Racism isn’t just about whether or not you have Black friends, she said.
“True patriotism isn’t about the flag, it’s about equality and justice,” she said. “Have you gotten the message?”
Her daughter, Jeneé Peace, a former Lee County High School teacher who will teach at the charter school, said this was the first time in her life experiencing people who don’t look like her being receptive to her experience. She said words are just words, and the Emancipation Proclamation was itself just words.
“In conjunction with words put on paper, we must have actions,” she said. “We need the actions of our allies, friends and enemies. Progress must be about more than just words.”
Juneteenth, she said, reminds her that real change doesn’t happen overnight, and that it has to be organized, unified and long lasting.
Tamika Dowdy created a nonprofit called This Has To Stop after the death of her son in 2018. The initiative aims to stop violence, drug abuse, the stigma behind mental health and now racial inequality. Dowdy said she remembered growing up and being the only little Black girl in her classroom, and asking her mother why that was. She wants to make sure now that her grandson doesn’t go through the same things she went through.
“We shop together. We go to the movies together. We all eat from the same restaurants. Some of us go to the same churches. Our kids go to the same school,” she said. “We all bleed the same. We are more beautiful when we come together.”
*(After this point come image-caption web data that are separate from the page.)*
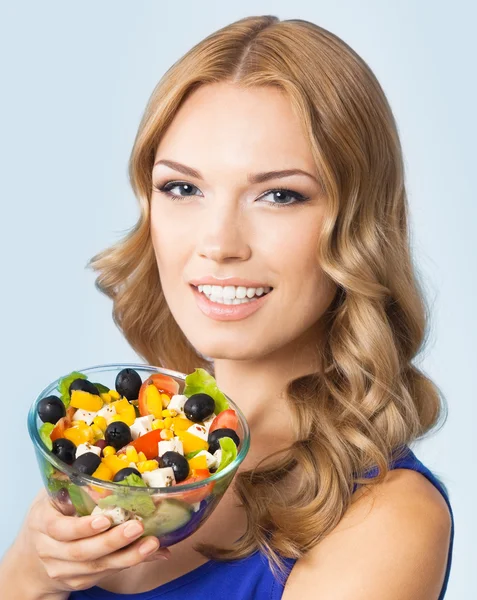 Mulher com salada vegetariana, sobre azul — Fotografia de Stock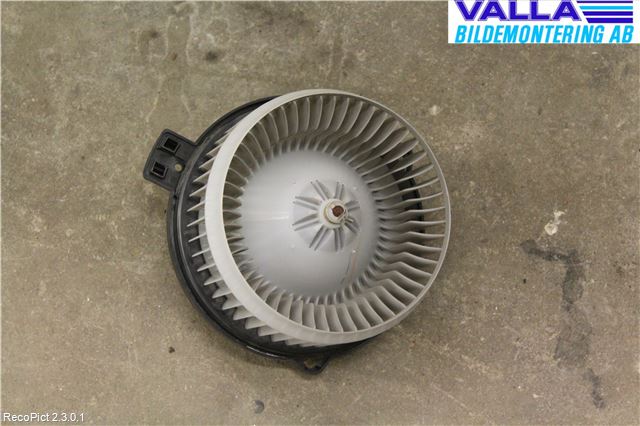 Lexus IS 200/300   99-05 Värmefläkt
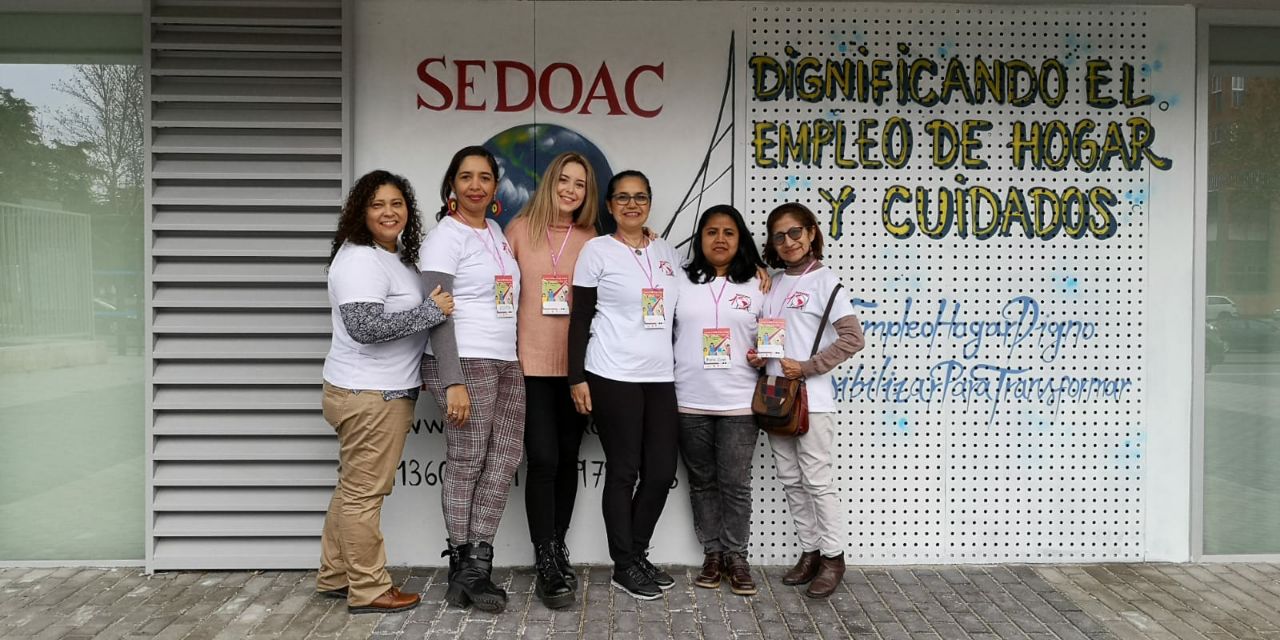 Trabajadoras de SEDOAC en el Centro de Empoderamiento de Trabajadoras del Hogar y Cuidados en Madrid./ Cedida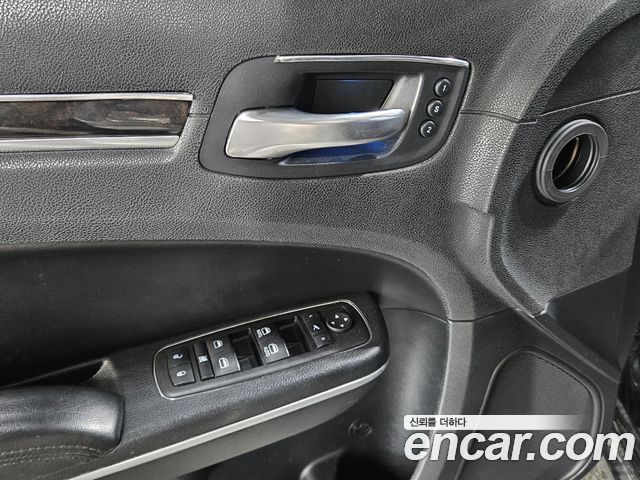 Chrysler 300C 2014 — photo 20
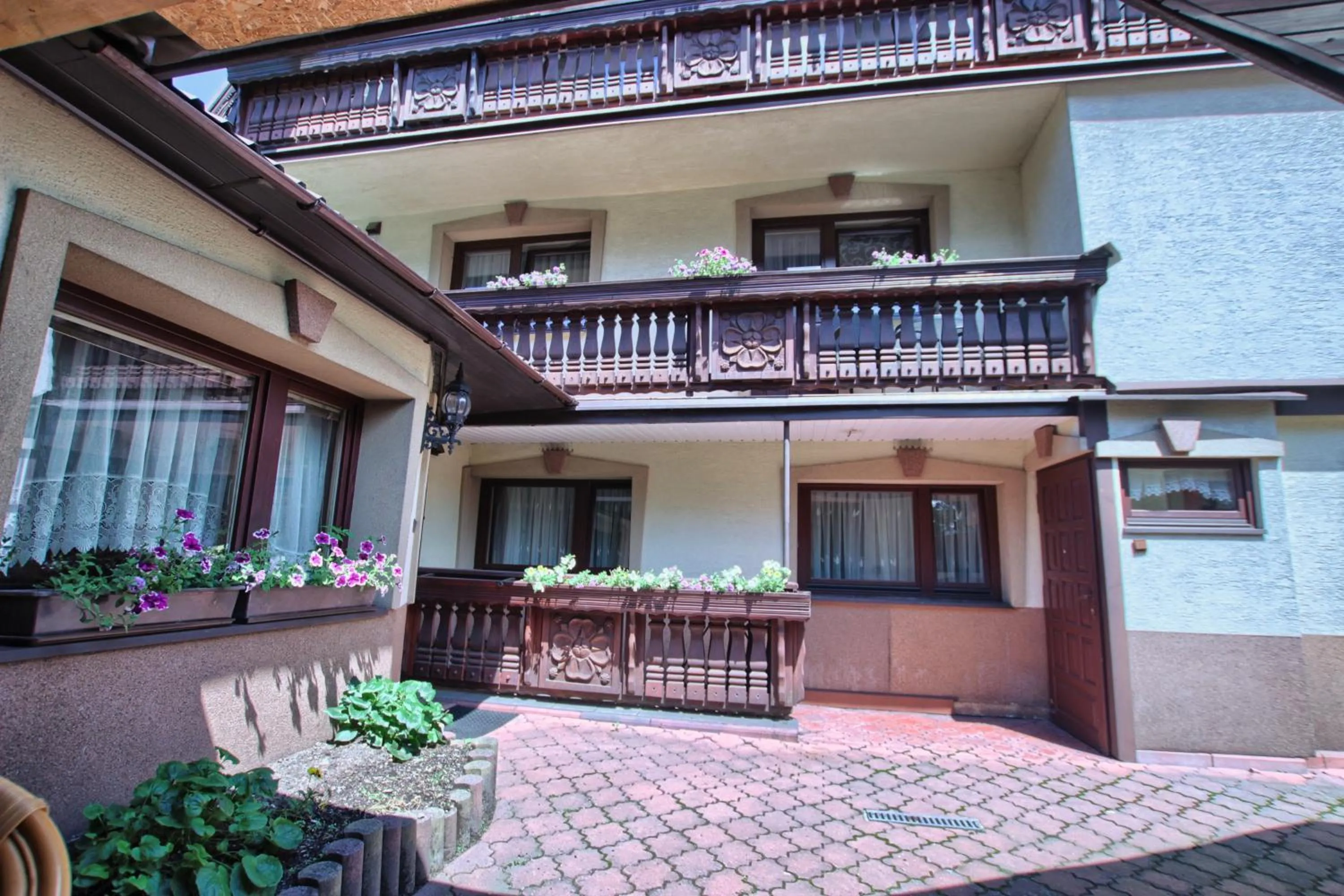 Property building in Willa ZAKObystra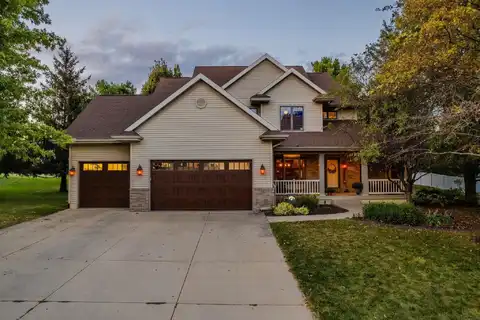 2921 Wellington Drive, Cedar Falls, IA 50613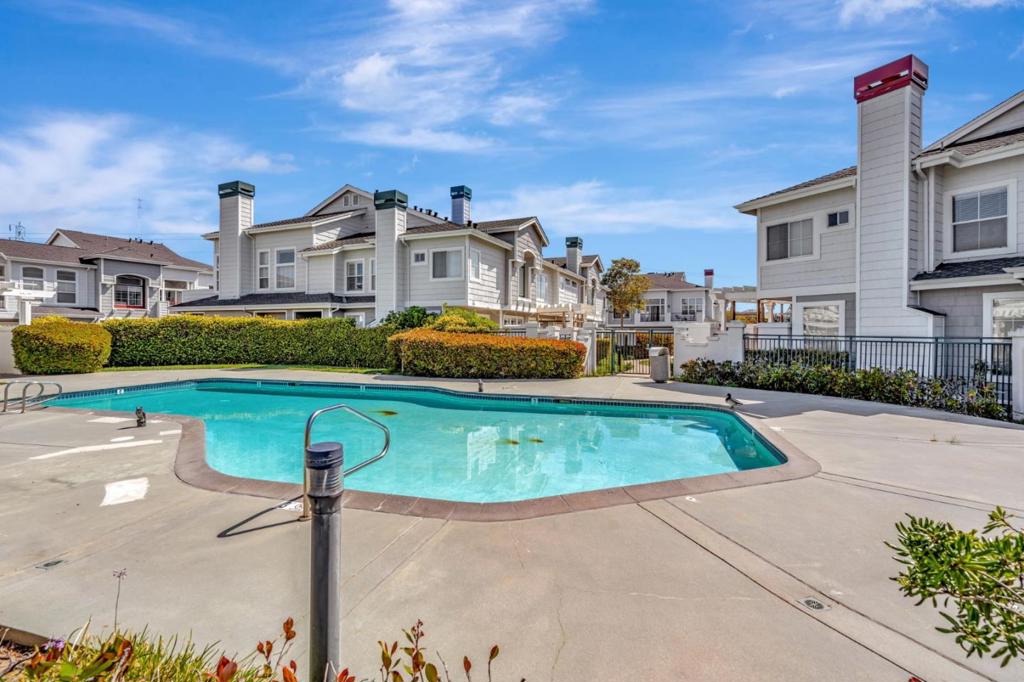 585 Shoal Circle Property Photo 44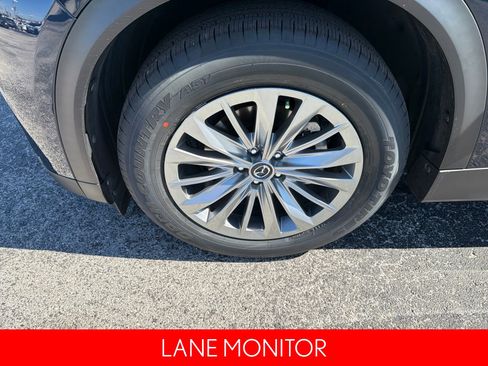 Used 2024 MAZDA CX-90 3.3 Turbo w/ Preferred Package image 11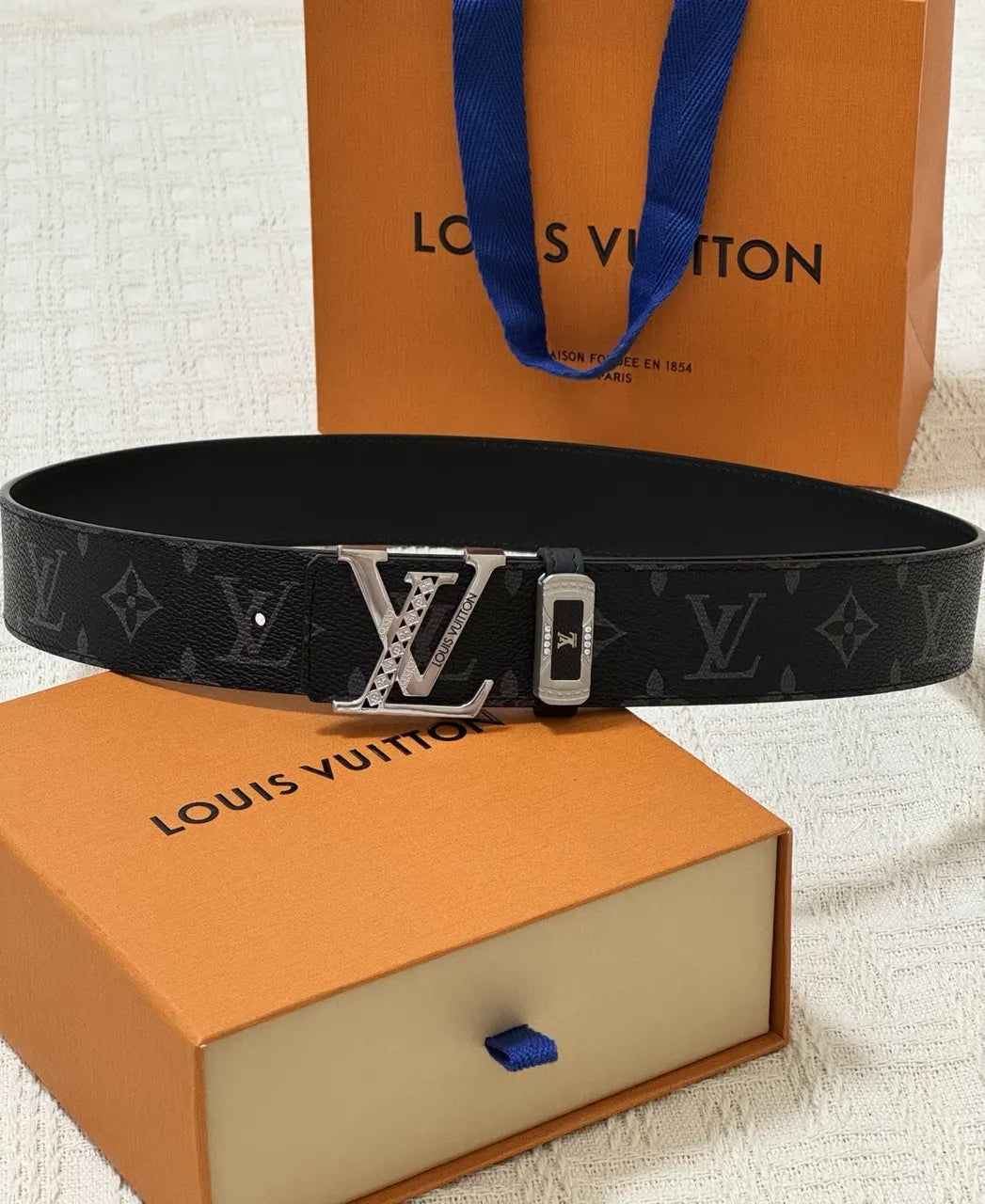 silver Louis Vuitton Monogram Shadow Belt - Hình 6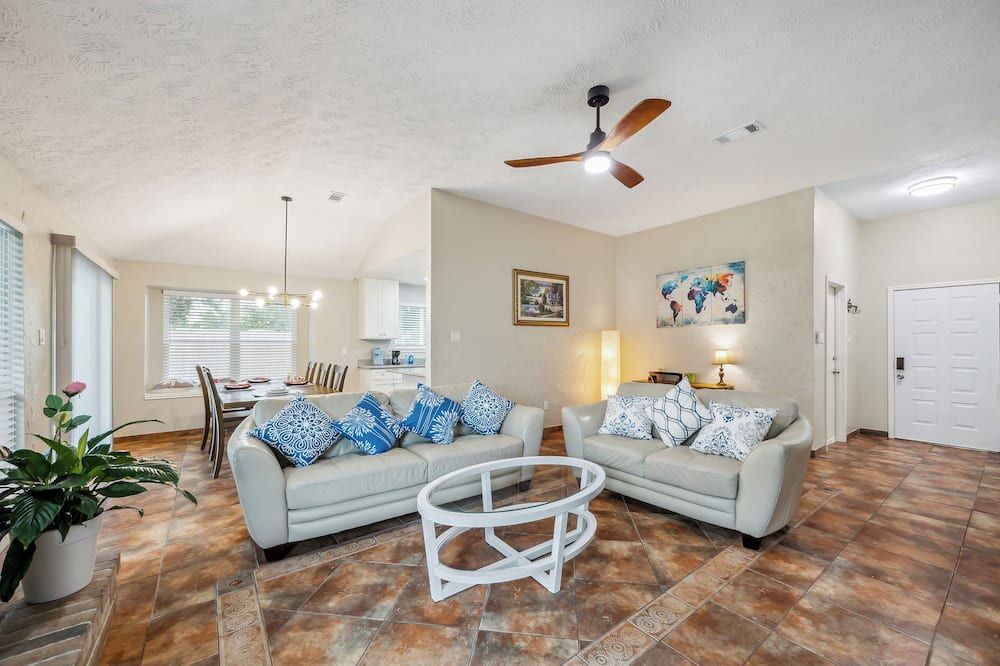 Space & Sunshine Retreat - هيوستن - غرفة معيشة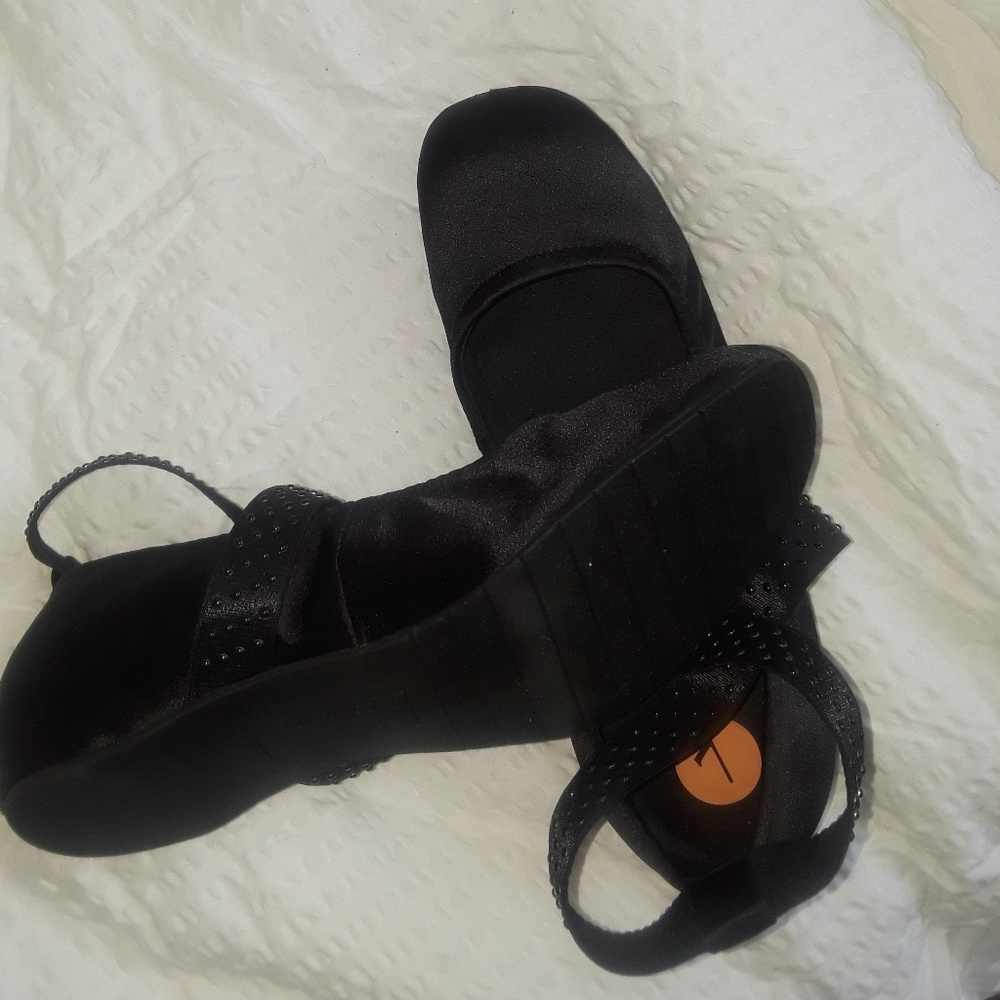 Shoes - Picture 3 of 4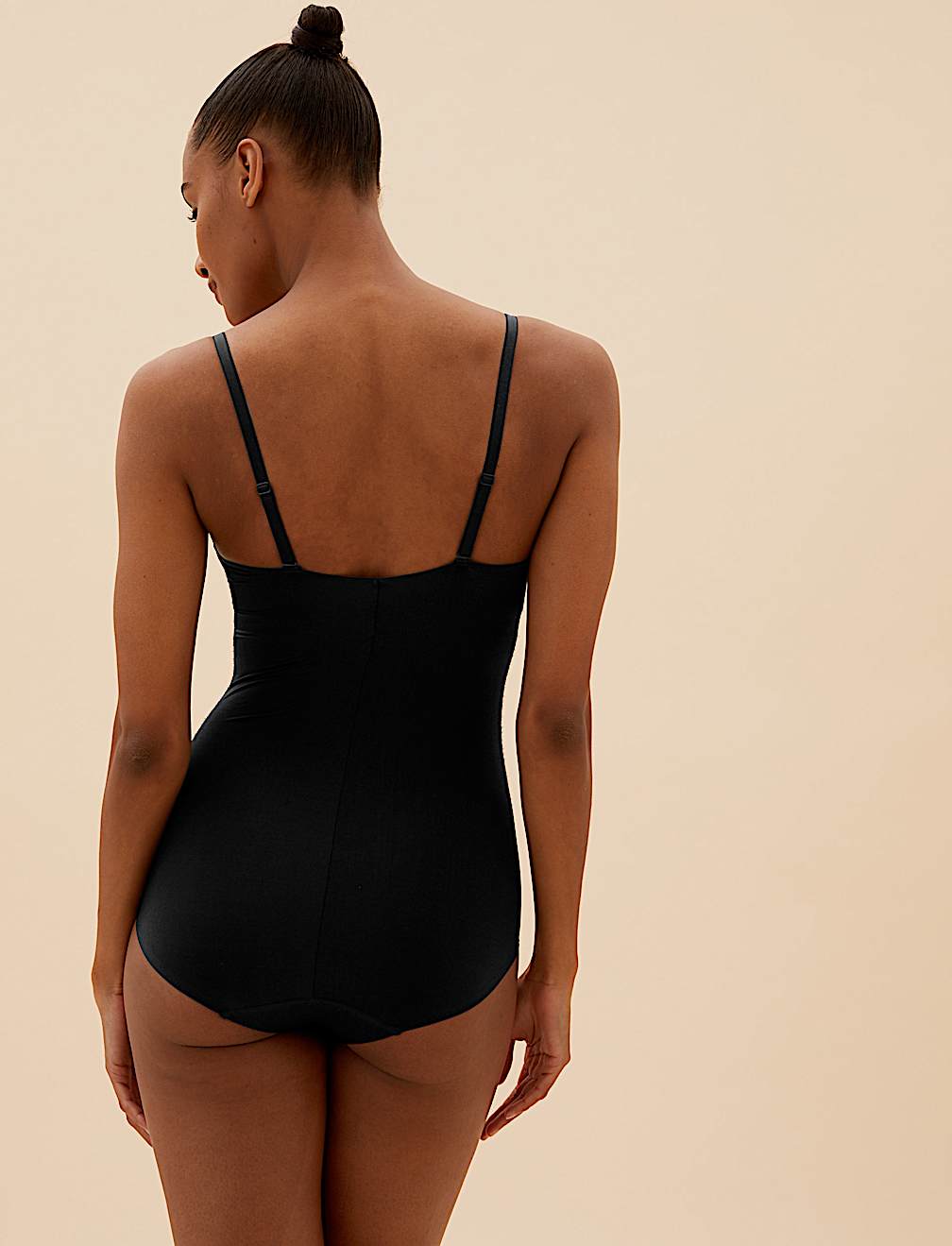 Light Control Secret Slimming&trade; Shaping Body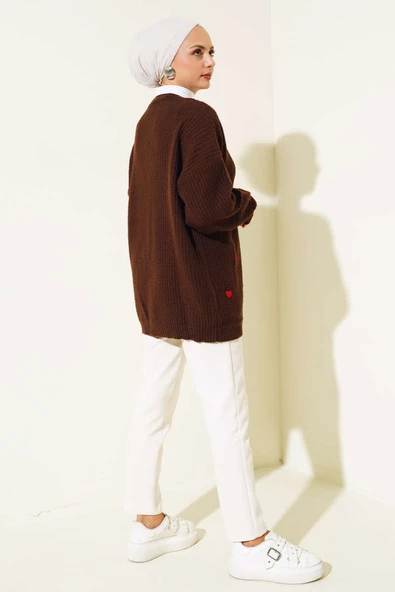 Kalp Nakışlı Triko Hırka Kahve - Resim 3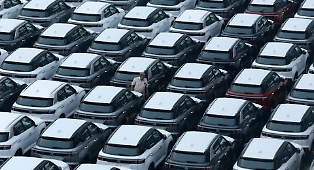 Auto, addio al &ldquo;divieto totale&rdquo; dei motori termici: Bruxelles ridisegna il 2035. Spazio a ibridi e carburanti sostenibili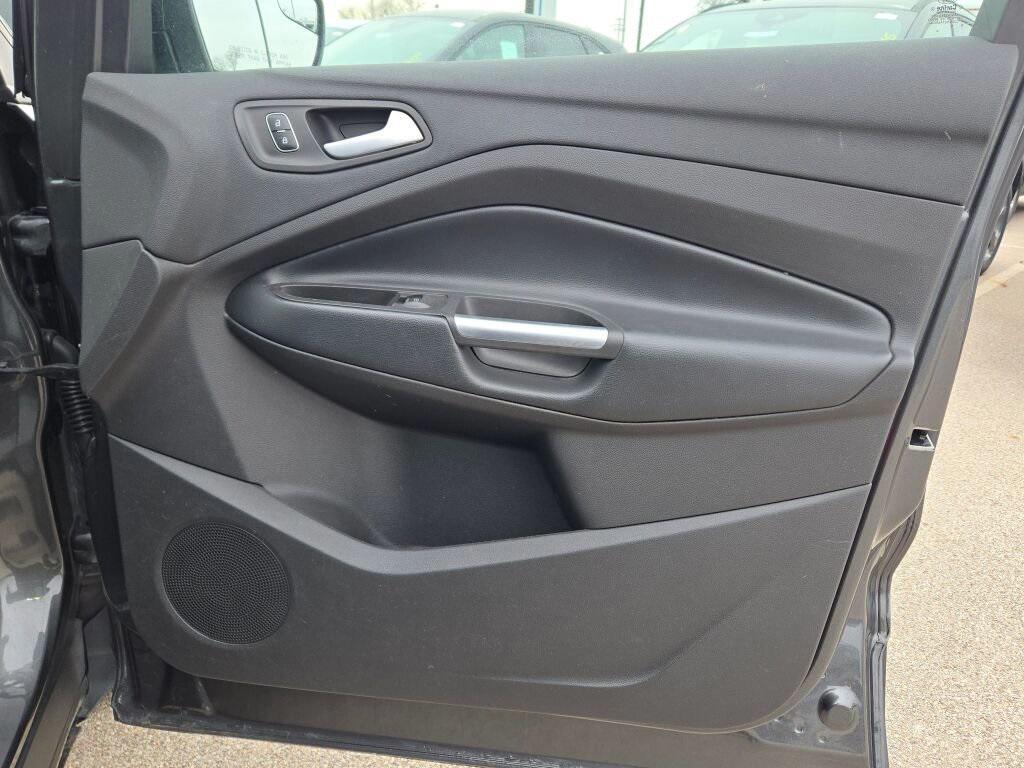 used 2019 Ford Escape car, priced at $9,995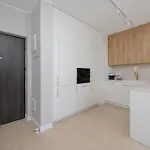 Lejlighed Siedmiogrodzka With Balcony & Parking Wola By Renters Warszawa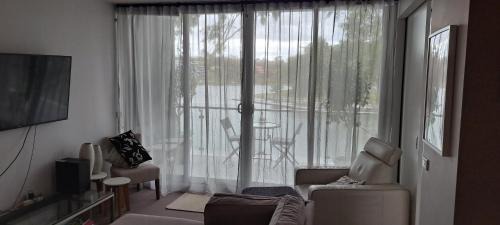 Maribyrnong Apartment | Marina View Apartment on the Maribyrnong River, Melbourne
Shawn Williams, a former marine and law enforcement officer and current pastor at God’s Promise Church, told the story of when he was a police chief driving down I-40 on one of his days off. He got pulled over, he said, and he knew being a Black man that he had to keep his hands visible on the steering wheel, because his life depended on it.
The officer who pulled him over walked up to the window and called him “boy,” not knowing that Williams was himself a police chief in a different city. Williams took the disrespect, but later in the courtroom got the victory.
“I got the last laugh because education is power,” he said. “You have to realize that you cannot win the battle on the street.”